Beth Williamson Icon

I’m in the middle of writing The Redemption of Micah, my second Brava book and the one that follows The Education of Madeline. I wrote Madeline’s book a few years ago, so Micah’s story is like taking a trip to visit old friends.

And it’s a very comfortable journey.

To start the process I re-read Madeline’s story and found myself engrossed again in Plum Creek Colorado, circa 1872. Madeline’s character had a lot of me in her, and I fell in love with her and Teague all over again. And then there was Micah.

Ah, gentlemanly tortured Micah with a drinking problem, a tremendous scar on his face and a broken heart. I’m not sure what it is about men with emotionally shatterd souls, but they appeal to me more than a confident handsome rogue. Micah is a man who cannot find his way out of the dark without a very bright light to guard him. He’s been lost for so long, he has stopped trying.
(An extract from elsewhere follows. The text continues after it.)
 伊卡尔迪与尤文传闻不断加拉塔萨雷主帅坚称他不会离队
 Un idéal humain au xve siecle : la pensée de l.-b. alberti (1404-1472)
It’s amazing to me that I can relate to this man, this character I invented from my head and he becomes real to me. I feel his pain, his longing, his absolute need for redemption. Does that make me a little wonky? More than likely.

I get very caught up in my characters, probably more than I should. I’ll confess now that I’ve cried when writing a scene (not to mention other more interesting emotions). I wonder how many other writers get down deep in their character’s stories.

Then again, it’s like visiting old friends, laughing, crying, getting wiggly, and finding joy together. I’m off to get busy with Micah again, I’ll be back in a bit.